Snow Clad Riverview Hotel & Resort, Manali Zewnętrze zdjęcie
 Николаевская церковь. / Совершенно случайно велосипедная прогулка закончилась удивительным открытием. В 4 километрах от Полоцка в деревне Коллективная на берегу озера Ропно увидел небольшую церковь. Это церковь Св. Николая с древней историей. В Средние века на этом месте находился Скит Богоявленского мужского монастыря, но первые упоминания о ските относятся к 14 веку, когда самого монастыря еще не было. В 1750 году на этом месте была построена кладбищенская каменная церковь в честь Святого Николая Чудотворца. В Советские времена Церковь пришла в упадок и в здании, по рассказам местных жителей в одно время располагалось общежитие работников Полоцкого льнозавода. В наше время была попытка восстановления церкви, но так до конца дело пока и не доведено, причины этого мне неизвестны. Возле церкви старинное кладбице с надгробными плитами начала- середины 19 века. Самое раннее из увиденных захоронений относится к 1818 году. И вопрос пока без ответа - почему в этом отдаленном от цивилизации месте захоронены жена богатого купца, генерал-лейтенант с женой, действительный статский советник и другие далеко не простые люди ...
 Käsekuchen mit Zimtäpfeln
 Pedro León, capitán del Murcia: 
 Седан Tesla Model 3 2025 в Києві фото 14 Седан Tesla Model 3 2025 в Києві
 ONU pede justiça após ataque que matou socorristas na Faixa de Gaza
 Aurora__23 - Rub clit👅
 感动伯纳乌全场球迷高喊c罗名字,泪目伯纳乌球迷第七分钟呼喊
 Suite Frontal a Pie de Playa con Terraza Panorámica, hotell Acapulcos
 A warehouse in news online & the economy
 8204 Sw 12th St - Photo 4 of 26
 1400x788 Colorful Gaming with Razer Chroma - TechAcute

## Work request
Repeat exactly, and only, the lines of the records above, starting with the line that contains "ONU pede justiça" and ending with the final line, both included.

## Output of the exercise
 ONU pede justiça após ataque que matou socorristas na Faixa de Gaza
 Aurora__23 - Rub clit👅
 感动伯纳乌全场球迷高喊c罗名字,泪目伯纳乌球迷第七分钟呼喊
 Suite Frontal a Pie de Playa con Terraza Panorámica, hotell Acapulcos
 A warehouse in news online & the economy
 8204 Sw 12th St - Photo 4 of 26
 1400x788 Colorful Gaming with Razer Chroma - TechAcute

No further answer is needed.